The PoolInfo is a static attribute of the scraper class and the get_lot_data method must return a list of LotData objects. It's really basic and does not contain any further information about the parking lot, only the ID, status, free spaces and total capacity.

Meta information

Additional lot information is either taken from a geojson file or the get_lot_infos method of the scraper class. The scraper.py will merge the LotInfo and the LotData together to create the final output which must comply with the json schema.

The geojson file should have the same name as the scraper file, e.g. example.geojson. If the file exists, it will be used and it's properties must fit the util.structs.LotInfo object. If it's not existing, the method get_lot_infos on the scraper class will be called an should return a list of LotInfo objects.

Some websites do provide most of the required information and it might be easier to scrape it from the web pages instead of writing the geojson file by hand. However, it might not be good practice to scrape this info every other minute. To generate a geojson file from the lot_info data:

# delete the old file if it exists
rm example.geojson  
# run `get_lot_infos` and write to geojson 
#   (and filter for the `example` pool) 
python scraper.py write-geojson -p example

The command show-geojson will write the contents to stdout for inspection.

Pushed data

Pushed data is handled by converters which are children of BaseConverter.
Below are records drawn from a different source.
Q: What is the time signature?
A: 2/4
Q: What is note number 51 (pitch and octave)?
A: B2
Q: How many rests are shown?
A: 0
There are four different abstract base classes for JSON, XML, CSV and XLSX which do already part of the loading, eg the XLSX base class already loads the data and starts with a openpyxl Workbook. To implement a new data source, you have to build the converter which accepts the specific data and returns a validated StaticParkingSiteInputs or RealtimeParkingSiteInputs bound together with extended information about errors in a ImportSourceResult.

Any BaseConverter needs (just like the ScraperBase) a property called source_info in order to provide basic information as SourceInfo instance (which a PoolInfo for now, but may be extended). The unique identifier there are the one you use in test-push-converter.py.
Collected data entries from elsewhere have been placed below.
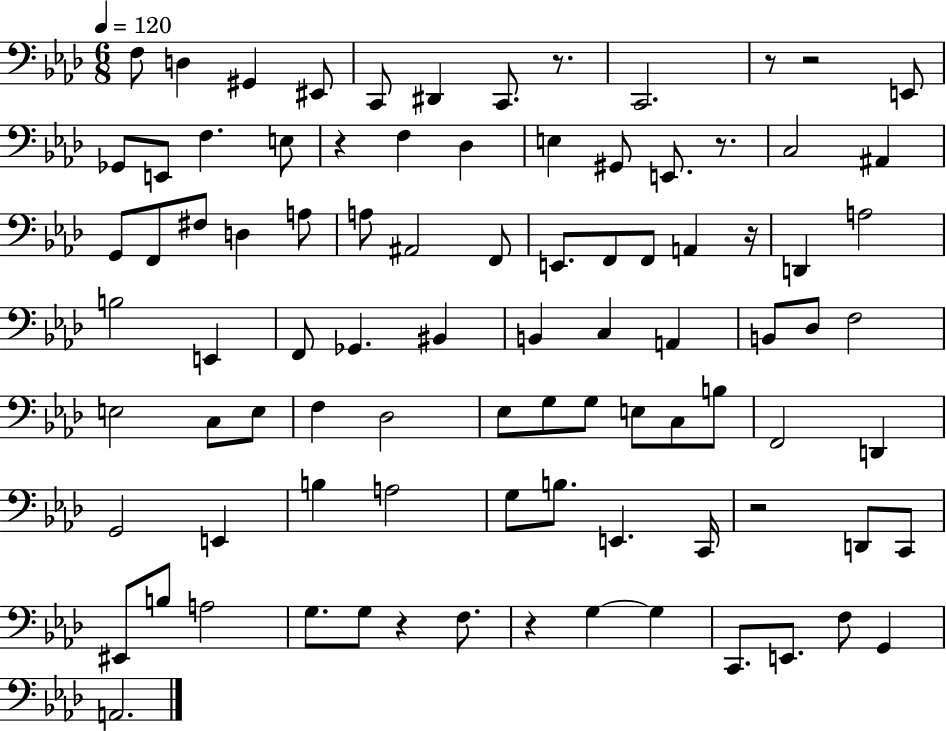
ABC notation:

X:1
T:Untitled
M:6/8
L:1/4
K:Ab
F,/2 D, ^G,, ^E,,/2 C,,/2 ^D,, C,,/2 z/2 C,,2 z/2 z2 E,,/2 _G,,/2 E,,/2 F, E,/2 z F, _D, E, ^G,,/2 E,,/2 z/2 C,2 ^A,, G,,/2 F,,/2 ^F,/2 D, A,/2 A,/2 ^A,,2 F,,/2 E,,/2 F,,/2 F,,/2 A,, z/4 D,, A,2 B,2 E,, F,,/2 _G,, ^B,, B,, C, A,, B,,/2 _D,/2 F,2 E,2 C,/2 E,/2 F, _D,2 _E,/2 G,/2 G,/2 E,/2 C,/2 B,/2 F,,2 D,, G,,2 E,, B, A,2 G,/2 B,/2 E,, C,,/4 z2 D,,/2 C,,/2 ^E,,/2 B,/2 A,2 G,/2 G,/2 z F,/2 z G, G, C,,/2 E,,/2 F,/2 G,, A,,2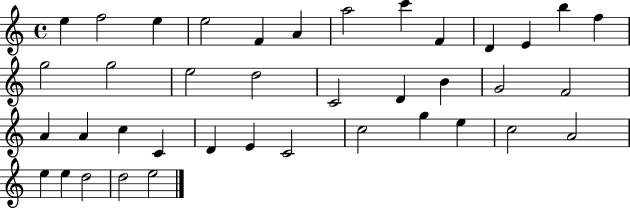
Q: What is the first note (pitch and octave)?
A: E5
A new converter will look like this:

class MyNewConverter(XlsxConverter):
    source_info = SourceInfo(
        id='my-unique-id',
        name='My Name',
        public_url='https://an-url.org',
    )

    def handle_xlsx(self, workbook: Workbook) -> ImportSourceResult:
        result = ImportSourceResult()
        # do your specific handling with workbook
        return result

While ./common contains all helpers and base classes, actual converters should be put into the new ./v3 folder.

If you identify code which might end up into the base classes (or even justify a new base class eg for handling a whole class of Excel files which all look quite identical), feel free to add new base classes to the base class library in ./common/base_converter.

Please keep in mind that all new code should run through ruff and black to maintain a nice style.